A phase I study of oral metronomic vinorelbine plus capecitabine in patients with metastatic breast cancer

1127 Background: The combination of capecitabine plus intravenous vinorelbine has shown substantial activity in anthracycline and/or taxane pretreated patients with metastatic breast cancer (MBC). The metronomic administration may be associated with reduced toxicity and enhanced efficacy.
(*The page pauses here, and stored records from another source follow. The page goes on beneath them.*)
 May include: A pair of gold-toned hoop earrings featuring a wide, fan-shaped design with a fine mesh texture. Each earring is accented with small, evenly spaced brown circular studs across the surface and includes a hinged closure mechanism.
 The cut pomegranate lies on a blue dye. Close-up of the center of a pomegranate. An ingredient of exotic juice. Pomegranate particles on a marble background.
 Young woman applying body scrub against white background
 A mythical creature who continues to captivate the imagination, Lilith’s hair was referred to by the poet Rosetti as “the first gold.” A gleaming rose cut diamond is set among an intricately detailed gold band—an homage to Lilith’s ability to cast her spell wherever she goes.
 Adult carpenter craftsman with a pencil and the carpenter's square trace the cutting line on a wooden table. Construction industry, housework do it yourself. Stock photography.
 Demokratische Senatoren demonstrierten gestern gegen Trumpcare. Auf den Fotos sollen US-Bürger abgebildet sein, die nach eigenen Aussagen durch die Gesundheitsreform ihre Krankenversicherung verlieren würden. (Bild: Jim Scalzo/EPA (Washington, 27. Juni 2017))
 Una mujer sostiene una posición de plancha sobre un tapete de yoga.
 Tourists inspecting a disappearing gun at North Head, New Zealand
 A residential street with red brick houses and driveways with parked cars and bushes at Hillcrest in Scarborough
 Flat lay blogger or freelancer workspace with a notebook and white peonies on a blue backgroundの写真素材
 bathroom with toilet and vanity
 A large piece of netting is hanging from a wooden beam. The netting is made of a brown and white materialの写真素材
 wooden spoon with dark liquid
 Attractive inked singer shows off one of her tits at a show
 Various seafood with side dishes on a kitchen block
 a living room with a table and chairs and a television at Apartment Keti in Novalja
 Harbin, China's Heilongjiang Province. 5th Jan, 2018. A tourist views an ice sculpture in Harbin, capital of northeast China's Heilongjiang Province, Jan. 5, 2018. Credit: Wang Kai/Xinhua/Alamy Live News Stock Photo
We conducted a phase I study to determine the maximum tolerated dose (MTD) and dose limiting toxicities (DLT) of capecitabine plus oral vinorelbine administered metronomically in patients with MBC. Methods: Patients were treated with vinorelbine (30–60 mg total dose) p.o three times per week continuously and capecitabine (800–1250 mg/m2 twice a day) from day 1 to 14 in three week cycles. DLT was defined during the first cycle as grade (G) 4 neutropenia or thrombocytopenia, febrile neutropenia, any ≥ G 3 non-hematological toxicity, and any delay of treatment due to toxicity. Results: To date 27 patients have been enrolled on 7 different dose levels. Treatment was first line for 16 and second line for 11 patients. DLTs included G3 febrile neutropenia and treatment delay due to G2 neutropenia occurring in 1 patient each, at dose level 4 and G3 diarrhea and treatment delay due to G2 neutropenia in 1 patient each, at dose level 7. The MTD has not yet been reached. Hematologic and nonhematological toxicities were generally mild to moderate. Most common were myelosuppression, asthenia, nausea, and diarrhea. Nine objective responses were observed with 2 complete and 7 partial. Conclusions: Vinorelbine 60 mg three times a week in combination with capecitabine 1250mg/m2 twice a day, has been well tolerated. Enrollment is ongoing. Updated data will be presented at the meeting. No significant financial relationships to disclose.